Insights into Editorial: India and Oil Prices
Insights into Editorial: India and Oil Prices
Oil prices have gone up by about 15% in just one week. The recent monetary policy statement of the Reserve Bank of India also highlighted that crude oil prices may firm up in the coming months and could be a risk to the year-end inflation target.
Global commodity prices saw a dip but then started to rise after the global financial crisis. This is a counter-intuitive thing that happened due to a kind of a hysteresis and slowdown in demand, and thus the resulting price drop actually happened much later.

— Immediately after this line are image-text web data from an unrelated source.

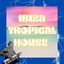 Unknown Title cover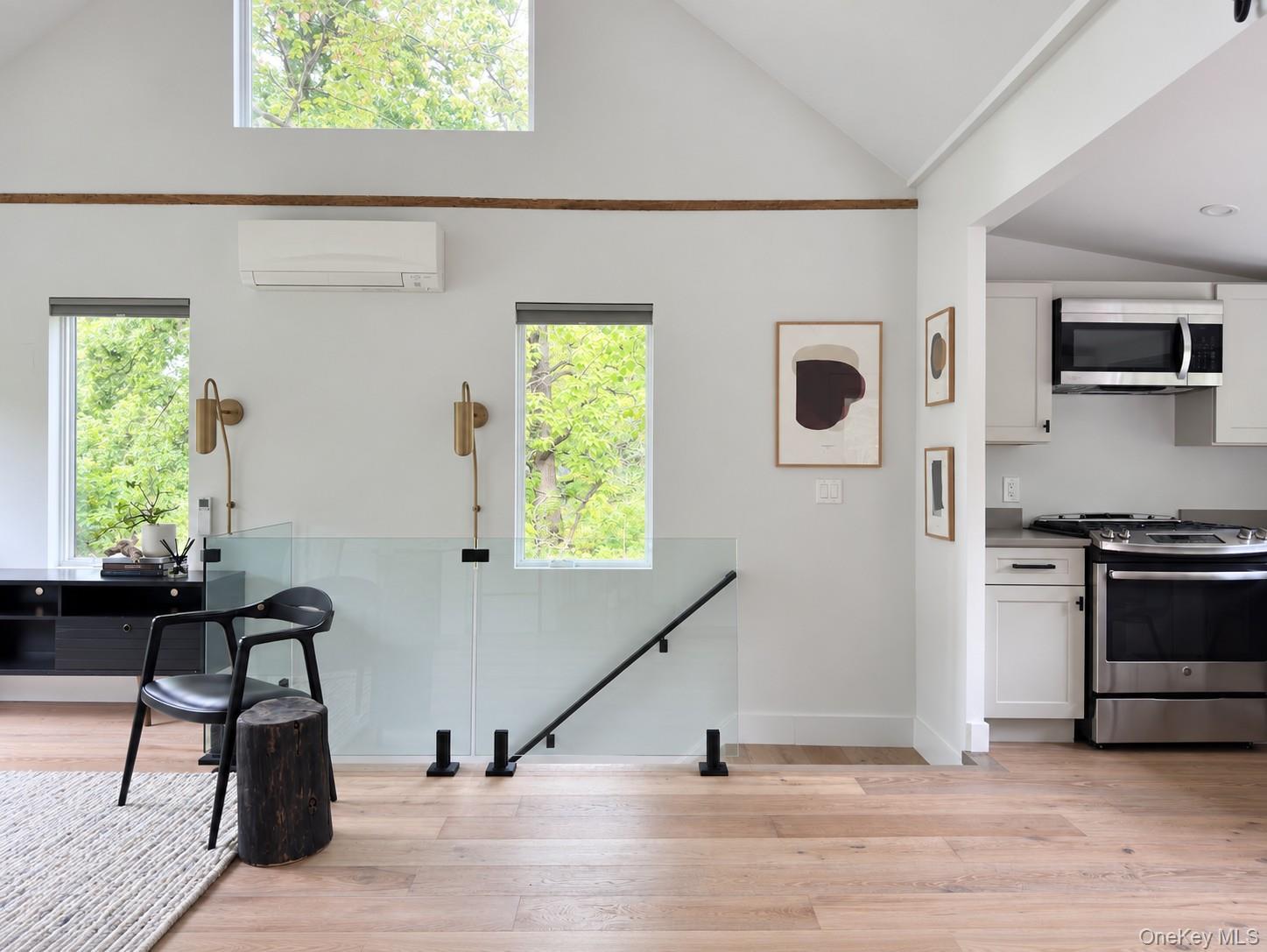 Single Family Lake Hill Road Ulster County, NY 12401, MLS-1052600-22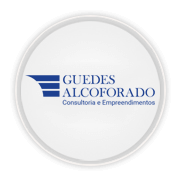 guedes_alcoforado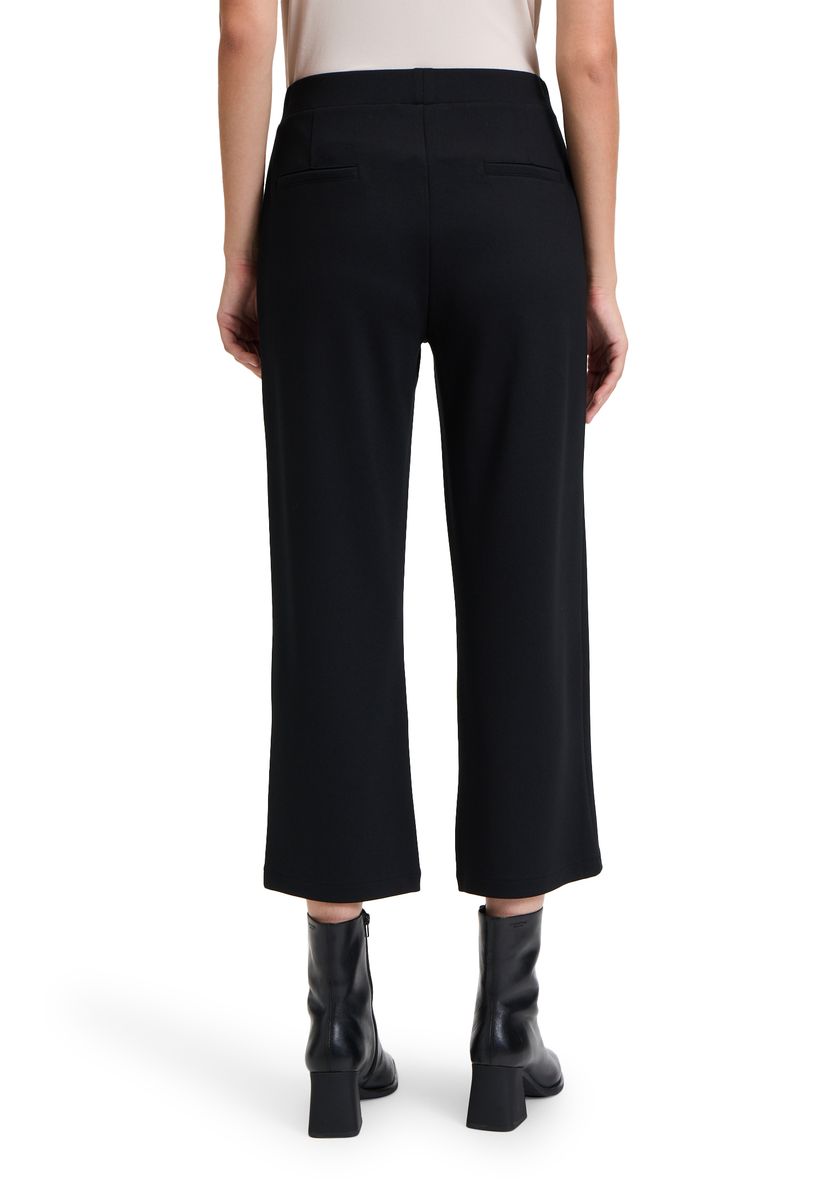 Schlupfhose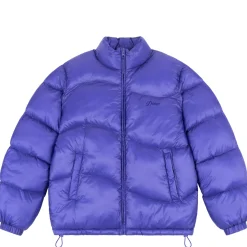 Classic Ripstop Puffer>Dime MTL Fashion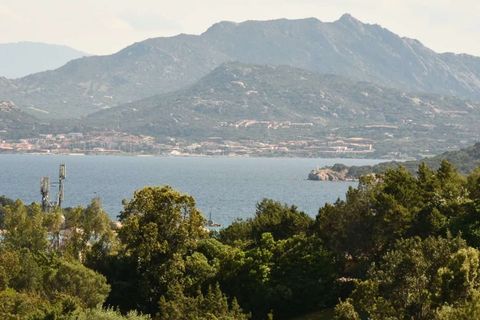 Villa i Arzachena, Sassari, Arzachena - € 5.500.000 | Ref: ILV93381-1388536 - foto 14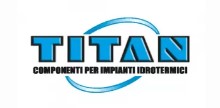 Titan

The prices peaked in 2012 when the OPEC average yearly crude oil price touched a high of almost $110. Intra-day prices reached much higher. Economies exporting oil at that time were making merry. But then prices began to plummet – touching a low of $40 in 2016. The intra-day prices dropped to much lower levels.
Why there was decrease in oil prices?
- Oversupply in the international markets due to decrease in Chinese demand.
- Slowdown in the developed world and the ensuing impact on world trade.
- Shale oil boom in the US which required less upfront investment and helped pushing up oil supply.
- Removal of economic sanctions against Iran and it consequently ramping up production.
- OPEC members not being able to reach an agreement was yet another factor for oversupply.
Why oil prices may go up now?
Recently, the Organization of the Petroleum Exporting Countries (Opec) decided to cut production for the first time in eight years. they have decided to reduce output by about 1.2 million barrels per day from January 2017.
Non-Opec members, including Russia, have also promised to cut production by another 600,000 barrels per day.
However, prices may not sustain at higher levels for long due to the following reasons:
- The first test for prices will be whether OPEC’s members, known for their penchant for breaching output caps, stick to the production levels set for them. The temptation to cheat for some such as Venezuela and Algeria, which are relatively smaller producers and whose economies are in the doldrums, will be high indeed.
- Global demand also continues to remain weak and growth is unlikely to accelerate in the near term.
- At higher levels, US shale oil production, which suffered because of lower prices, will once again become attractive.
- Even if Opec is able to keep a watch on the production levels of its members, it will be difficult to track a non-member country like Russia.
How low crude oil prices benefitted India?
India was a major gainer of the fall in crude oil prices as it depends on imports to cover over 75% of its requirement.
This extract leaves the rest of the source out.